The Baum family got involved with sled dog racing because of their daughter’s interest in animals. When the neighbor’s Husky had puppies, they adopted one. From that point on, their passion grew!
“That’s one thing nice with the farming,” said Baum, “it really fit in because we have the area to work with them. You can make trails, and you can do training all year-round.”
He says there are many parallels with dairy farming and dog sled racing.
“The feeding, the cleaning up, and the daily care of them,” said Baum. “You know it’s the same as the cows..”
Jan Bootz-Dittmar, who operates a dairy farm with her husband, has been racing for years and says it’s become a real passion for her!
“All I ever wanted was four dogs,” said Bootz-Dittmar, “that’s all I ever wanted, and now I have 24, so…!”
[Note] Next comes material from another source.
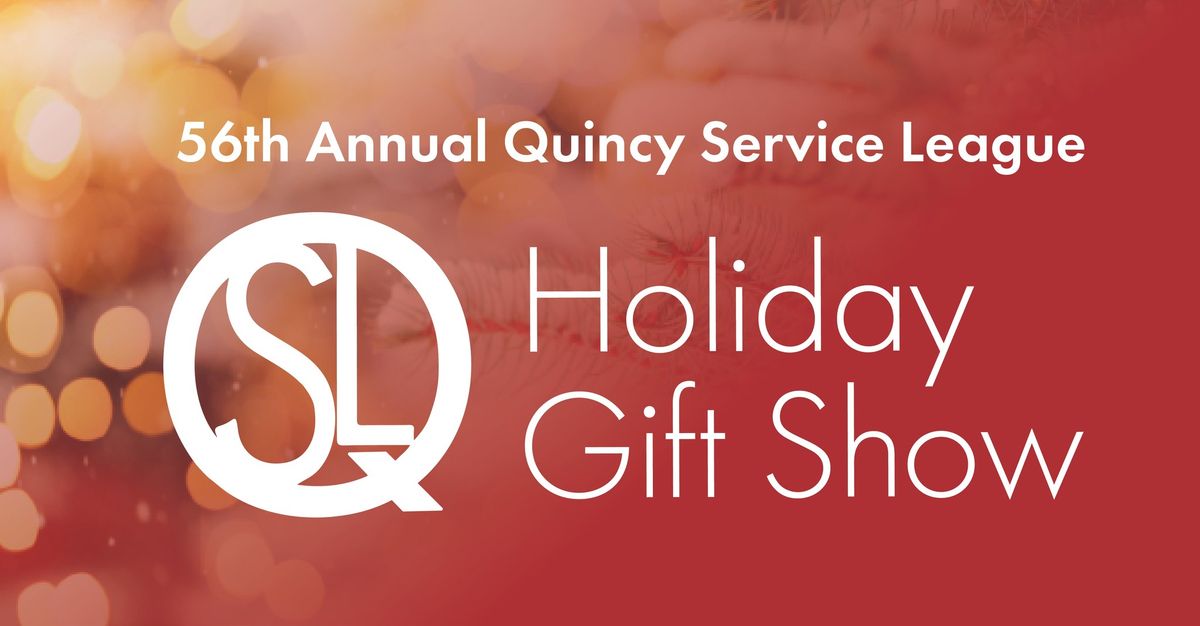 56th Annual Quincy Service League Holiday Gift Show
She also see’s several parallels with dog racing and dairy farming.
“It’s not a hobby any more, now it’s just a way of life,” said Bootz-Dittmar, “because you have to be out there taking care of them morning, noon, and night.”
Jan also says it’s not only the love of animals and the adrenaline rush, but something else which keeps her racing!
“We are very competitive people,” said Bootz-Dittmar, “but if there’s ever any problems, we can count on each other to help.”
While farming may still be part of Jan’s life, the Baum’s are happy that their farm is still a place for animals and people to work together!
Dryland sled dog racing was seen as a training run for sled dogs prior to the arrival of snow. As popularity increased, these races have now become International Sled Dog Racing Association sanctioned competitions for medals in events staged around the United States.